**Task objective**
The lines to repeat are those below from the one containing "Mușcel - Mușcel" down to the one containing "White swan onlake", both included; reproduce them exactly and nothing else.
==== Materials provided ====
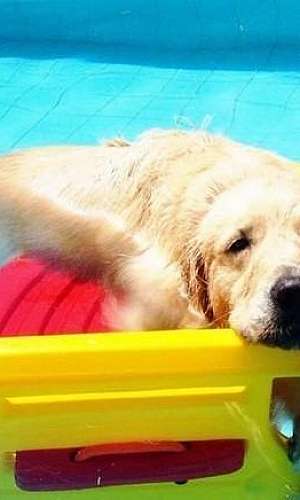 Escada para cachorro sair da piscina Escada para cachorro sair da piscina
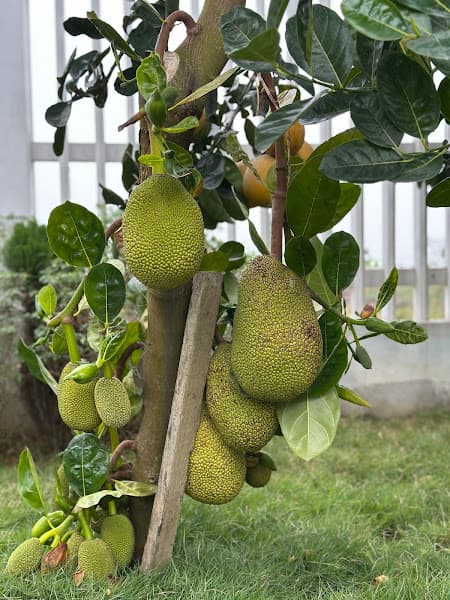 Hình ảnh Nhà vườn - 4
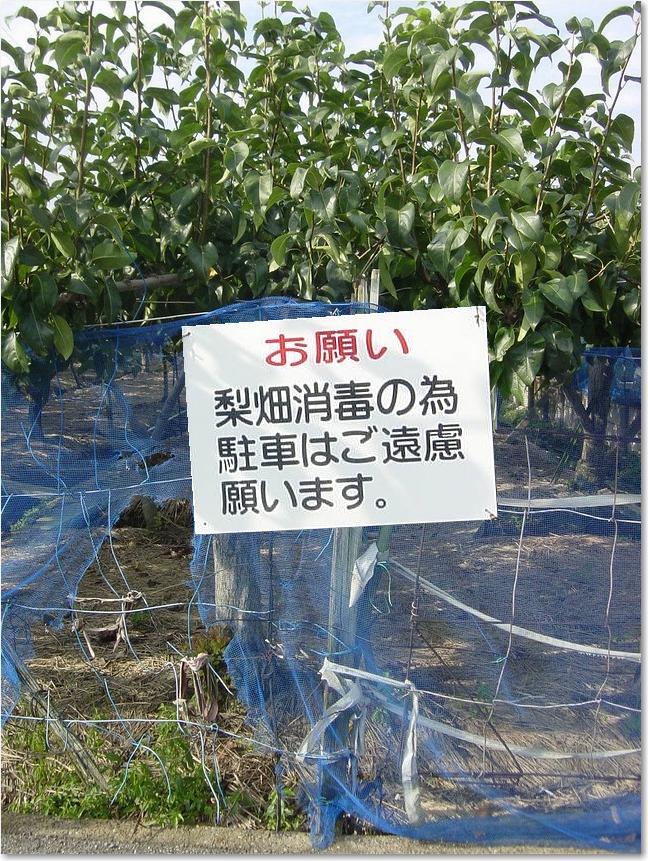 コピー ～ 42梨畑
====
==== Materials provided ====
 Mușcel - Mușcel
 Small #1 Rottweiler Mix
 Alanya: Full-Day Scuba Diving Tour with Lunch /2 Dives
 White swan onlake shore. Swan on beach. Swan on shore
====
**Written answer**
 Mușcel - Mușcel
 Small #1 Rottweiler Mix
 Alanya: Full-Day Scuba Diving Tour with Lunch /2 Dives
 White swan onlake shore. Swan on beach. Swan on shore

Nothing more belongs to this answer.